Start of Exercise data

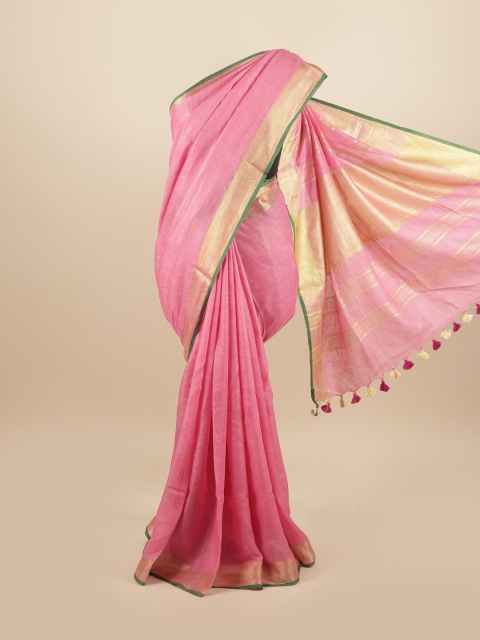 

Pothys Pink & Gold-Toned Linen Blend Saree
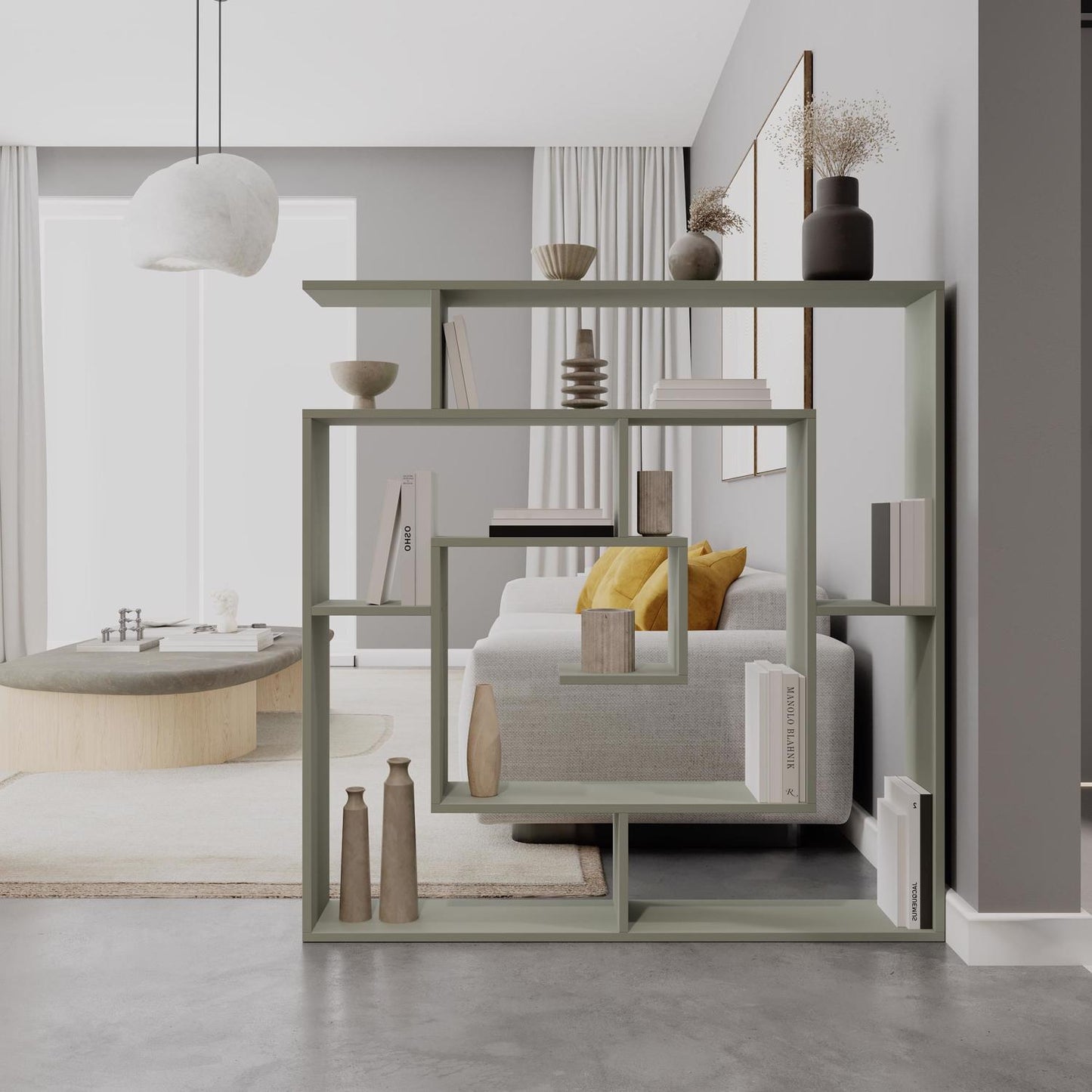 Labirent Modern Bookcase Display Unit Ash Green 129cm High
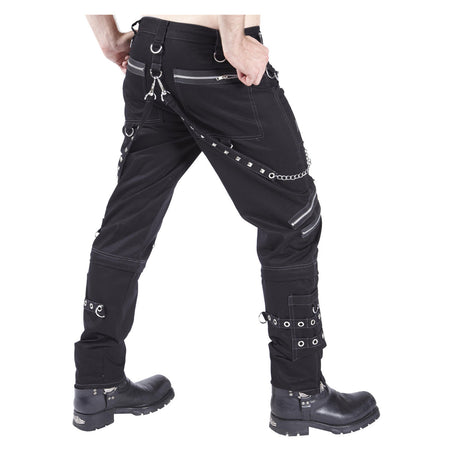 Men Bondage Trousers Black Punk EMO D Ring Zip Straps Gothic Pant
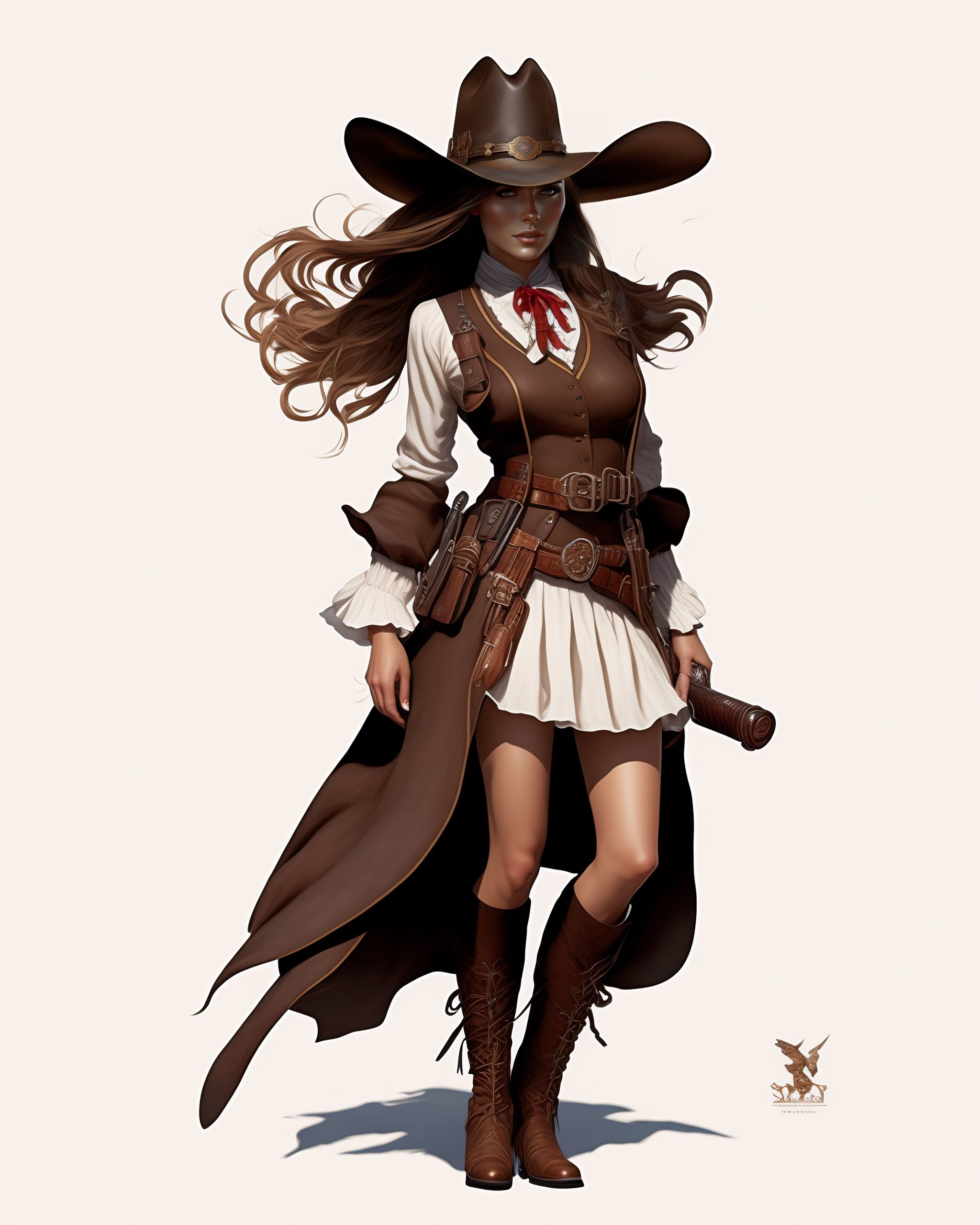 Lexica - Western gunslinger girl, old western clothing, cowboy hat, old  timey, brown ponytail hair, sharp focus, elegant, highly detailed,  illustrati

End of Exercise data
Start of Exercise data

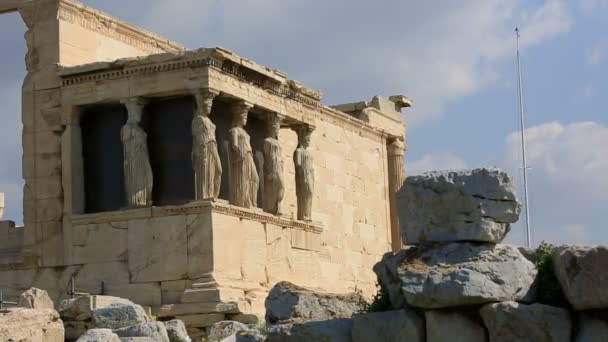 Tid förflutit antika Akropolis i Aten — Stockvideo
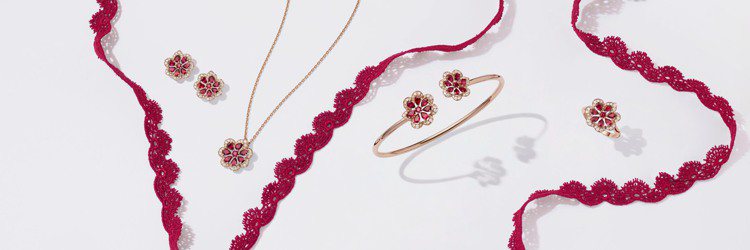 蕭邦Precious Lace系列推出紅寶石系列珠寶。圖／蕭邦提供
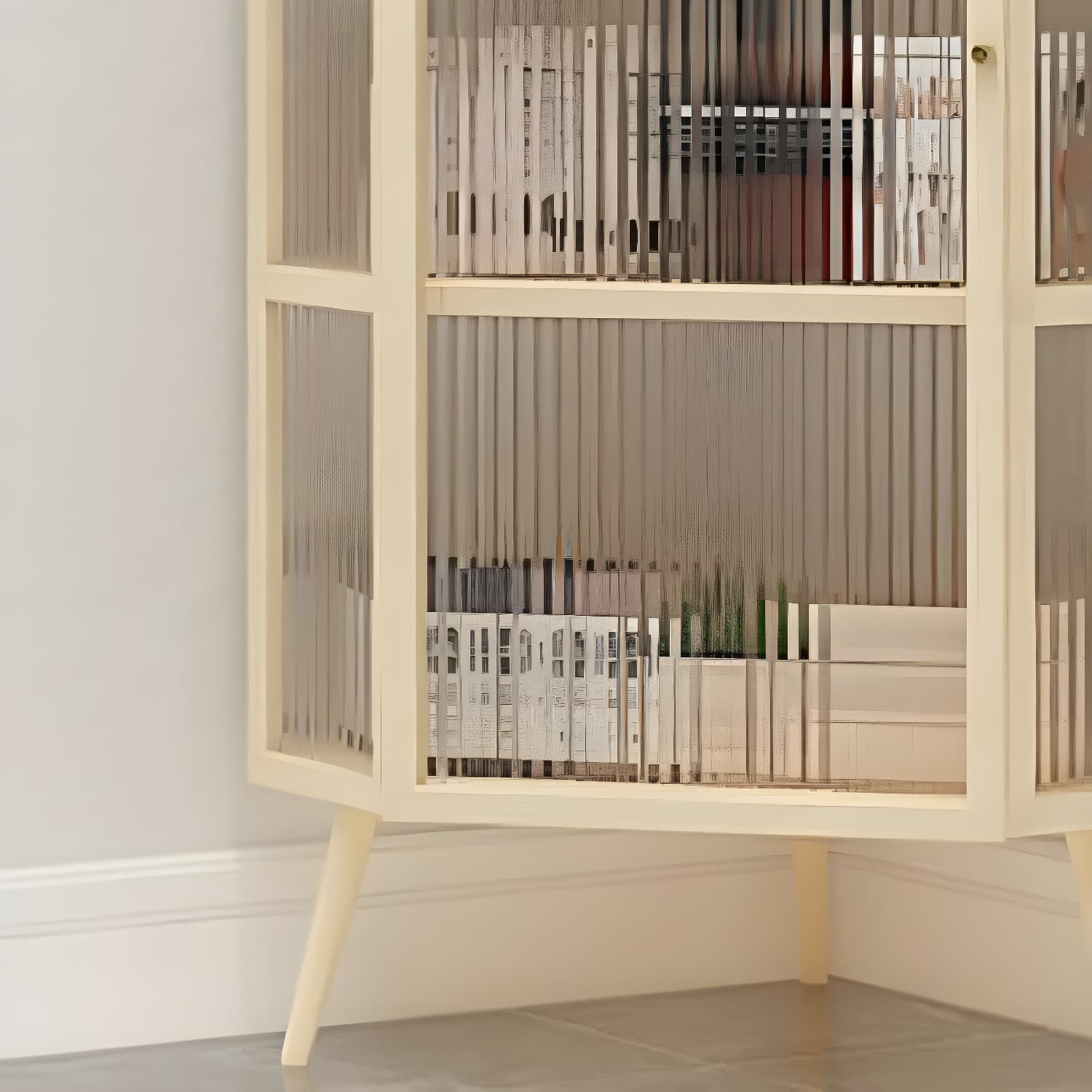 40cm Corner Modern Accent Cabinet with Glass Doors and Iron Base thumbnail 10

End of Exercise data
Start of Exercise data

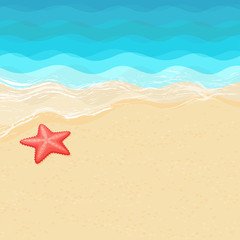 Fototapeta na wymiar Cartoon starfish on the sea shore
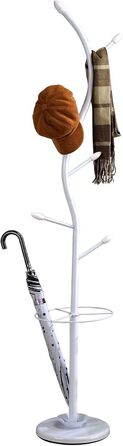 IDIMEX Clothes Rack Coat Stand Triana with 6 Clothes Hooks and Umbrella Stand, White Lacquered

End of Exercise data

Would you output only the span of the records above that opens with the line containing "蕭邦Precious Lace系列推出紅寶石系列珠寶。圖／蕭邦提供" and closes with the line containing "40cm Corner Modern", ends included and pictures dropped?

§ **Exercise response**
 蕭邦Precious Lace系列推出紅寶石系列珠寶。圖／蕭邦提供
 40cm Corner Modern Accent Cabinet with Glass Doors and Iron Base thumbnail 10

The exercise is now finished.